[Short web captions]
══════
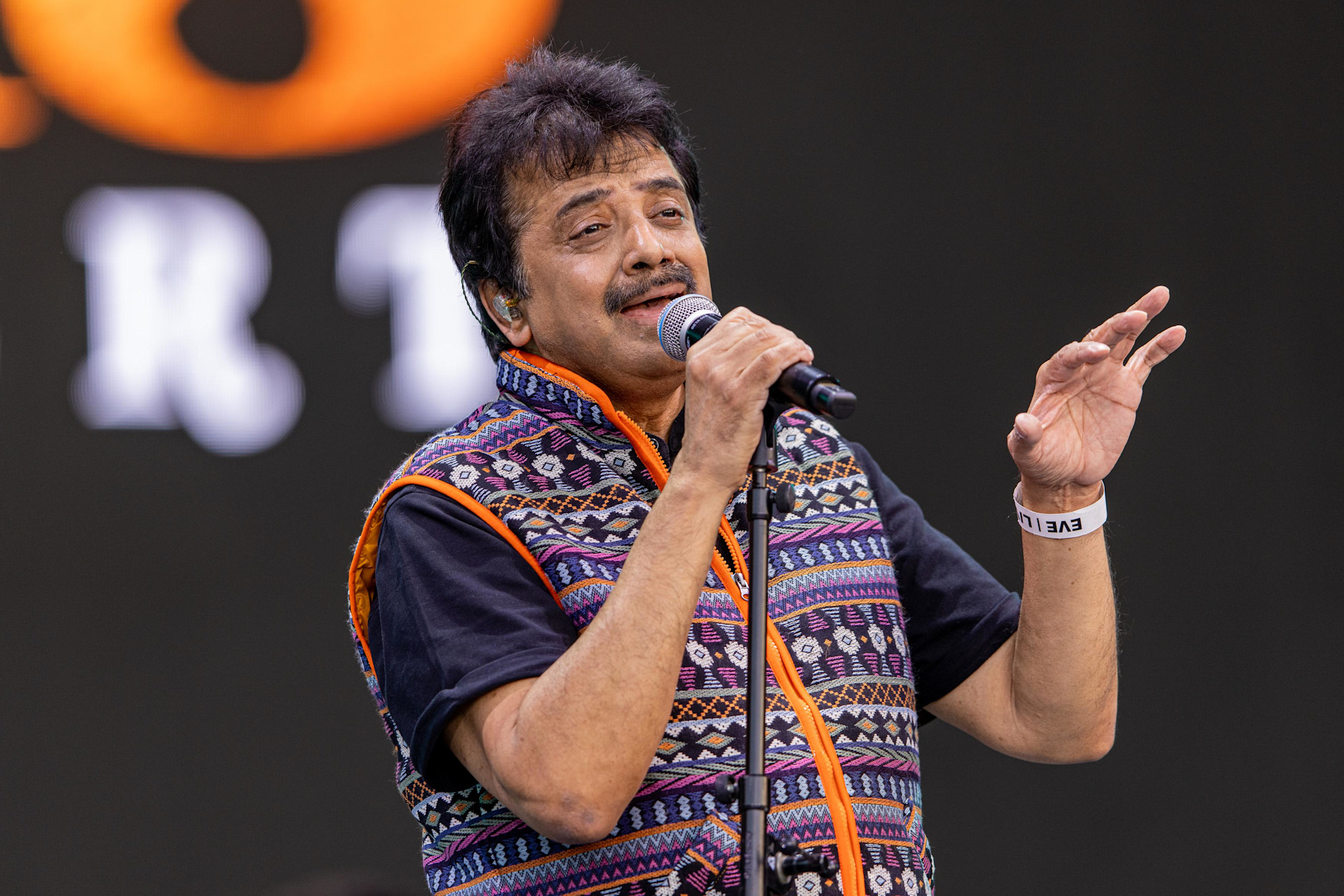 Thank you ISAI - Musical concert by Srinivas at Jubilee Stage m61739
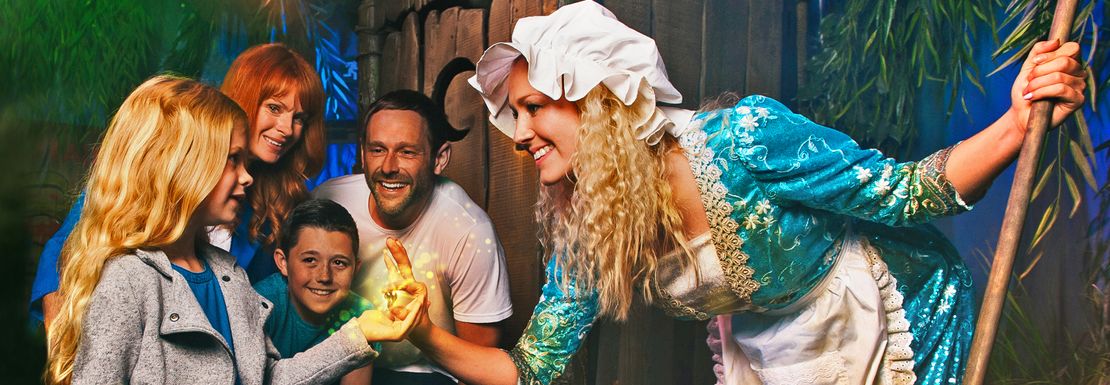 Step inside Shrek's Adventure London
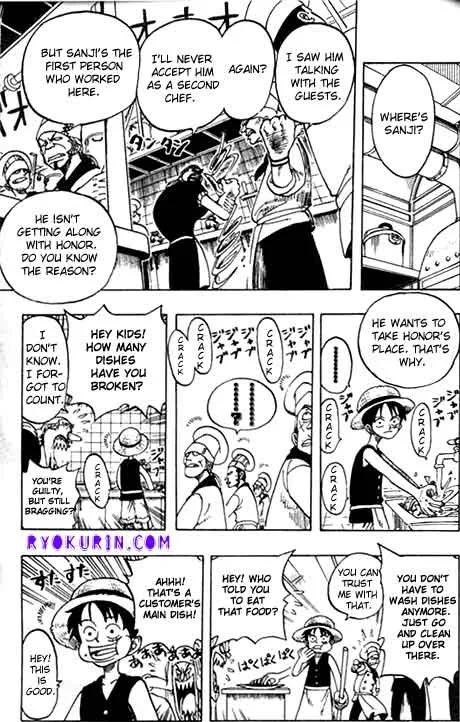 One Piece Chapter 45 - Page 14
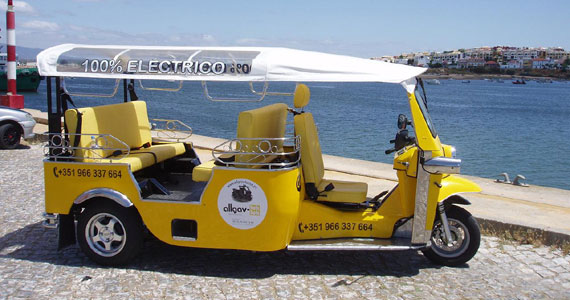 Tuk-Tuk Algarve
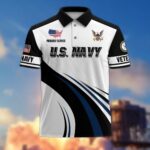 Premium US Veterans Polo Shirt CPHN030311, Gifts For US Veterans, Gifts On Father's Day, Veterans Day. - Image 11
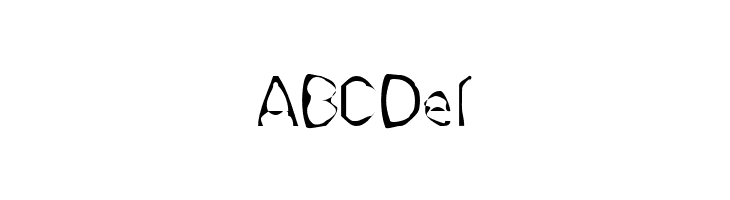&Aring;derp&aring;k  Free Fonts Download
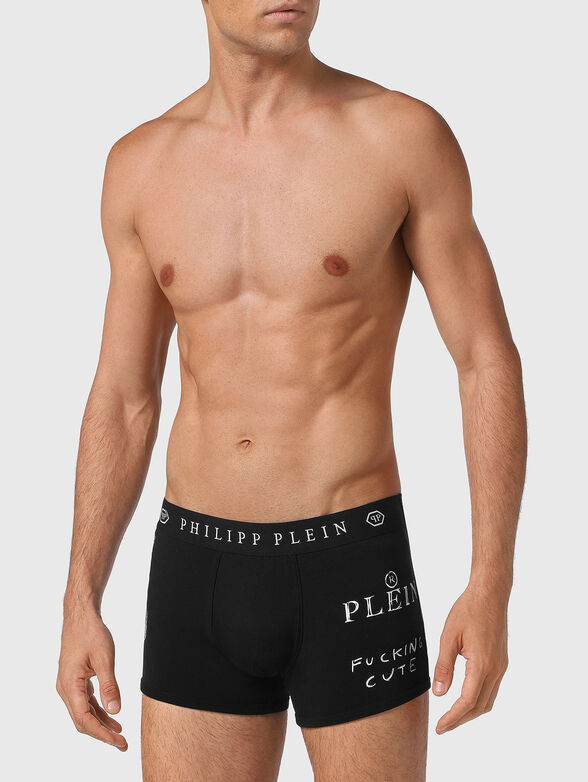 TEDDY BEAR black boxers - 1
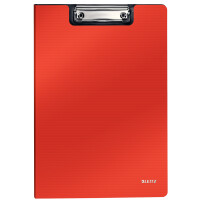 LEITZ Klemmbrett-Mappe Solid, DIN A4, Polyfoam, hellblau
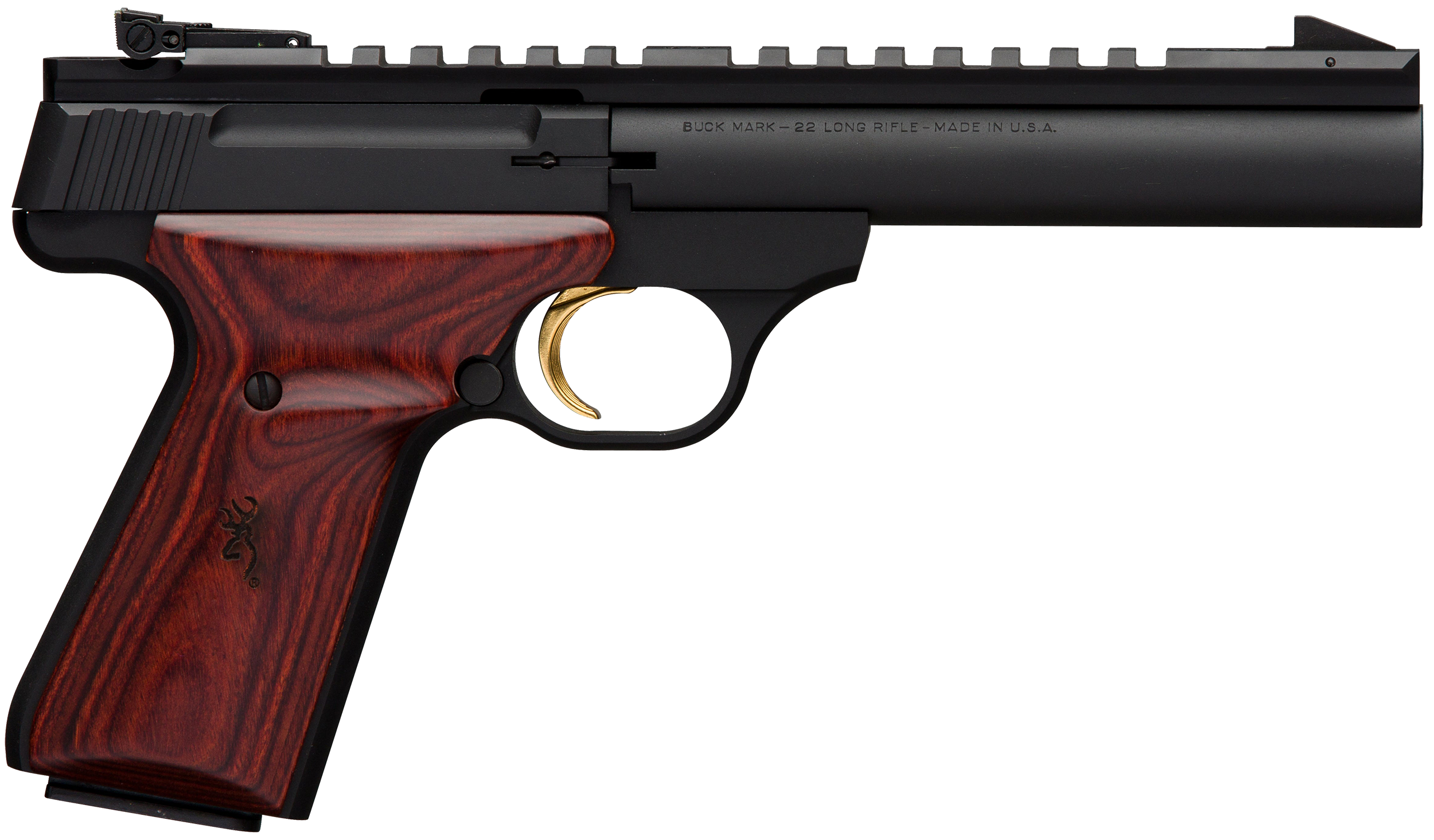 Browning Buck Mark Field Target 22 LR 5.50" 10+1 Semi-Auto Pistol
══════
_Task to carry out:_
Give back exactly the lines from the one that contains "Premium US Veterans" to the final line of the data above, both included, with all pictures removed.

_Answer to the exercise:_
 Premium US Veterans Polo Shirt CPHN030311, Gifts For US Veterans, Gifts On Father's Day, Veterans Day. - Image 11
&Aring;derp&aring;k  Free Fonts Download
 TEDDY BEAR black boxers - 1
 LEITZ Klemmbrett-Mappe Solid, DIN A4, Polyfoam, hellblau
 Browning Buck Mark Field Target 22 LR 5.50" 10+1 Semi-Auto Pistol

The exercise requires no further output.